Students score low on California’s phony Common Core tests



Follow The Money

  • Let's bottom line this.  So-called "educators" have no interest in education.  Phony "tests" are devised to show how poorly students are doing so government bureaucrats can go to Sacramento and Washington and demand more money to save the children.
  • Remember that since the California Gold Rush countless generations of children somehow managed to graduate from school, and go on to live full lives, without exit exams or common core "tests".


(San Francisco Chronicle)  -  California schools posted standardized test scores Wednesday for the first time in two years, and the results were not stellar.
Just one-third of the state’s public-school students were tested as proficient for their grade level in math and only 44 percent in English, state education officials said.
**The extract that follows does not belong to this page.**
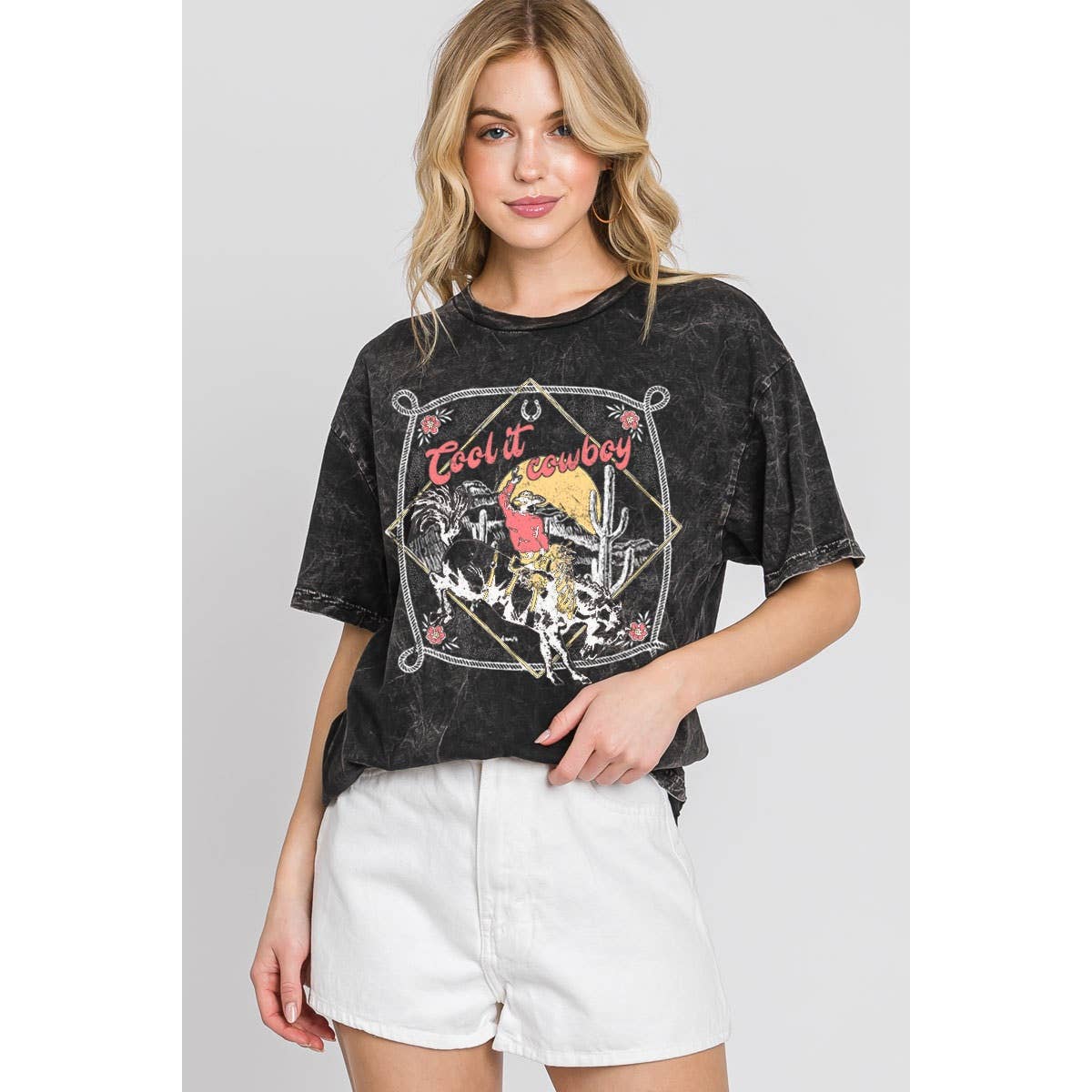 HRTandLUV – Großhandel T-Shirt mit Siebdruck – Damen – COOL IT T-SHIRT MIT COWBOY-MINERAL-GRAFIK3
Under the old test in 2013, 51 percent of students were proficient in math and 56 percent in English.
The officials expressed some disappointment in the new numbers, but not surprise.
“We need to be patient,” said state Superintendent of Public Instruction Tom Torlakson. “We've gone to higher, tougher standards.”
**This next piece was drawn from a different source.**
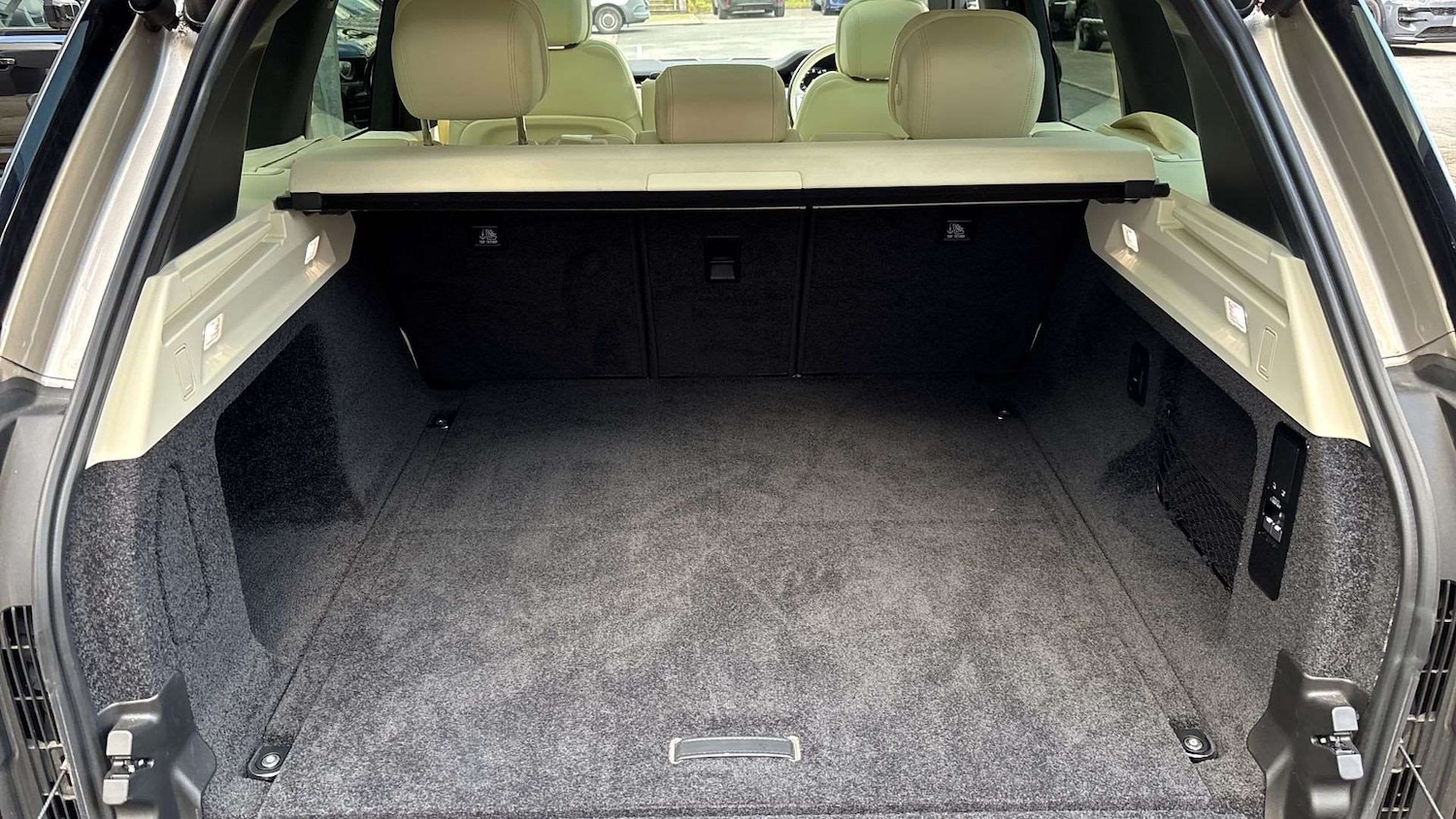 Used Land Rover Range Rover 2023 for sale - 77000211: Photo 10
This was the first time students were tested on the new Common Core standards, which require a more in-depth understanding of content rather than a memorization of facts. It was also the first time students took the state tests on a computer, clicking and dragging and typing open-ended answers or essays rather than filling in bubbles on paper with a No. 2 pencil.
Across the state, 3.2 million students in grades three through eight and 11 took the English and math test.
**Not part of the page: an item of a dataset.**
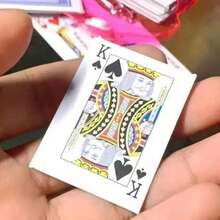 1/4/6/12 piezas Mini Cartas de Juego - ¡Esencial para Fiestas en Dormitorios! Entretenimiento para Reuniones Familiares Juegos de Mesa/Cartas, Llavero de Mini Cartas de Juego de Color Aleatorio con Modelo Divertido, Regalo de Juego Portátil y Lindo, Adecuado para Mujeres, Parejas, Amigos, Vacaciones, Regalos de Cumpleaños, Ocio, Fiestas con Amigos, Cartas de Juego de Entretenimiento para Viajes en Vacaciones, Color Aleatorio (Por favor, confirme el tamaño del producto antes de la compra) - multicolor - Ver 3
The new test scores showed a widening of the achievement gap, with African American and Latino students lagging behind their white and Asian American peers. The gap also widened between low-income students and the rest of the test-taking population.
Seventy-two percent of Asian American students and 61 percent of white students met or exceeded state standards in English, compared with just 28 percent of black students and 32 percent of Latinos. In math, 69 percent of Asian students and 49 percent of white students were at grade level, compared wiht 16 percent of black students and 21 percent of Latino students.
And just 31 percent of low-income students were proficient on the on English test and 21 percent proficient in math, compared with 64 percent and 53 percent, respectively, for other students.
That achievement gap has long been present in state standardized testing, but it was about 10 points wider on the Common Core tests than under the old system.